跡継ぎの世子は体が弱く子供がいません。延礽君は母の身分が低かったので重臣からは跡継ぎとは思われていませんでした。
重臣たちは自分たちに都合のいい王子をあとつぎにしようとしていました。老論の重臣たちが目をつけたのが密豊君(ミルプングン)という王族です。
密豊君は王になれなかった悲運の王子・昭顕世子の子孫です。血筋としては正当な密豊君イ・タンですが、彼は普段から素行がよくありませんでした。

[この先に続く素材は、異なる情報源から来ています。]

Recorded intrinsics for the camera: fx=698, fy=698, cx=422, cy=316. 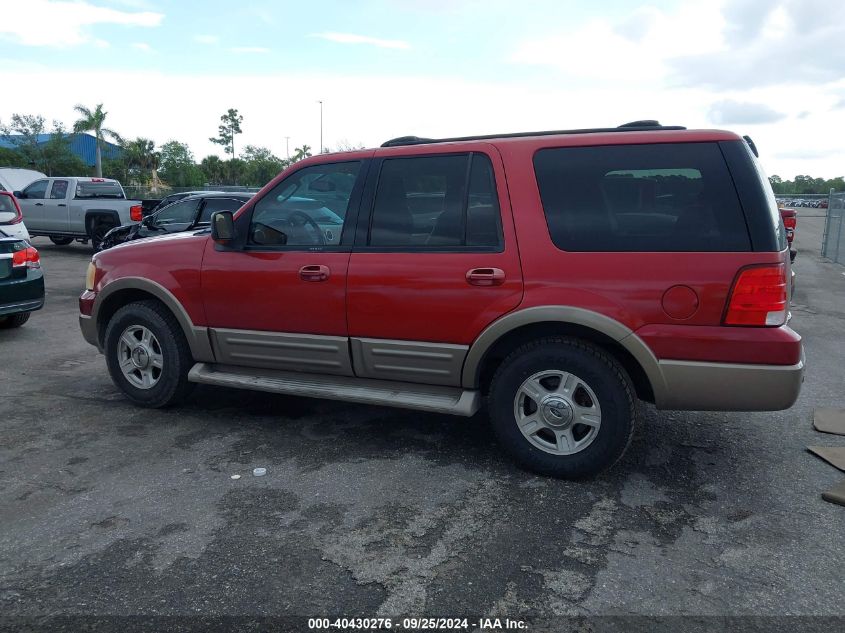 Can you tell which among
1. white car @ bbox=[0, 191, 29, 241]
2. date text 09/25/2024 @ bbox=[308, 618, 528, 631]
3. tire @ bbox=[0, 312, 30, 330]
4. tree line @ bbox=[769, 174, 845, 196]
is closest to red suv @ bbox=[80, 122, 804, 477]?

あるとき、密豊君の悪行を調査していた役人が殺されてしまいます。王になろうと欲をみせる密豊君と彼を利用しようとする重臣たち。
イ・グムは重臣たちが私利私欲のために正義をないがしろにする世の中はおかしいと考え。仲間とともに世の中を変えようと動き出します。

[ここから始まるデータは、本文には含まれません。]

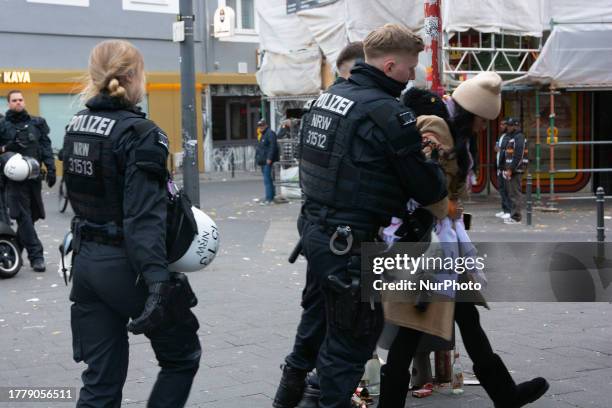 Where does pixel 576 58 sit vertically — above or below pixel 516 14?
below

老論と少論が激しく対立する中で粛宗が死亡。世子イ・ユンが国王(景宗)になります。
しかしその景宗も病で病死。悲しみにくれるイ・グムは国王(英祖)に即位。しかし英祖に兄殺害の疑いがかかります。英祖は粛宗の子ではないという噂まで広がり。さらに李麟佐(イ・インジャ)が密豊君と会って反乱を起こしました。李麟佐の反乱を鎮圧した英祖は司憲府の改革を宣言。そんな英祖に密豊君が襲いかりますが、ヨジが英祖をかばおうとして・・・
ヘチはドラマになることも多い粛宗~英祖~正祖の時代を舞台にしています。同じような時代のドラマを時系列で並べるとこうなります。
トンイ → ヘチ → テバク → 秘密の扉 → イ・サン
とくにテバクとはほぼ時代が重なります。
ヘチとは
ヘチは古代中国の伝説上の生き物。善と悪を裁くといわれます。漢字で 獬豸(かいち)と書きます。朝鮮では獬豸をヘチ、ヘテと発音します。

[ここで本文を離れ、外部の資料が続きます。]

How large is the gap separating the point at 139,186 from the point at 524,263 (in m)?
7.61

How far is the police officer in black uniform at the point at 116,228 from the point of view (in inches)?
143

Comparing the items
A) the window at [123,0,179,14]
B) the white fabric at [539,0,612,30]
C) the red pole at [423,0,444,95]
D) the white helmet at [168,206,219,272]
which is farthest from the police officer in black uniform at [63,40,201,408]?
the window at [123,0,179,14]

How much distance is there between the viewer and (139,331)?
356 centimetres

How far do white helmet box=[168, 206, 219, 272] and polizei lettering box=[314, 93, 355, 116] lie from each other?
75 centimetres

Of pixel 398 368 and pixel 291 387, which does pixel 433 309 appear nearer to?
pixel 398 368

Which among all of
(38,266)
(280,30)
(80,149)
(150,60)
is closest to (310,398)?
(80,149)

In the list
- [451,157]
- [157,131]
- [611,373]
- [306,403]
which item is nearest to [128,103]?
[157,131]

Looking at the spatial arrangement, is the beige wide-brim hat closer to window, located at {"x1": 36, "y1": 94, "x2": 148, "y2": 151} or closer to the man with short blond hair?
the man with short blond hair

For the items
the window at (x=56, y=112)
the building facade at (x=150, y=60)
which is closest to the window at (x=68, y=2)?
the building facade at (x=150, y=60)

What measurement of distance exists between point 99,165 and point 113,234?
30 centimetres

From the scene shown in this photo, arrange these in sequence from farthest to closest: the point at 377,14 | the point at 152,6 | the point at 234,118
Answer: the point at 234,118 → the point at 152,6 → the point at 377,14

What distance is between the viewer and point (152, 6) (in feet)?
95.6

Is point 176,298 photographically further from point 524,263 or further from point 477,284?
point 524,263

ドラマの中では司憲府の役人がヘチとよばれます。司憲府は政治の派閥争いに左右されることなく法を守る人々と考えられているからです。
ヘチの主要人物
イ・グム/延礽君(ヨニングン)/英祖
演:チョン・イル
声:金本涼輔
粛宗の次男(生存している中では)。後の21代国王・英祖。母・淑嬪崔氏はすでにこの世にはいません。母の身分が低いせいで重臣からは跡継ぎ候補とは思われていません。遊び暮らす日々を送っていました。父・粛宗が延礽君の素質を見抜いて後継者にふさわしいと考えている事を知り世の中を正そうと決意します。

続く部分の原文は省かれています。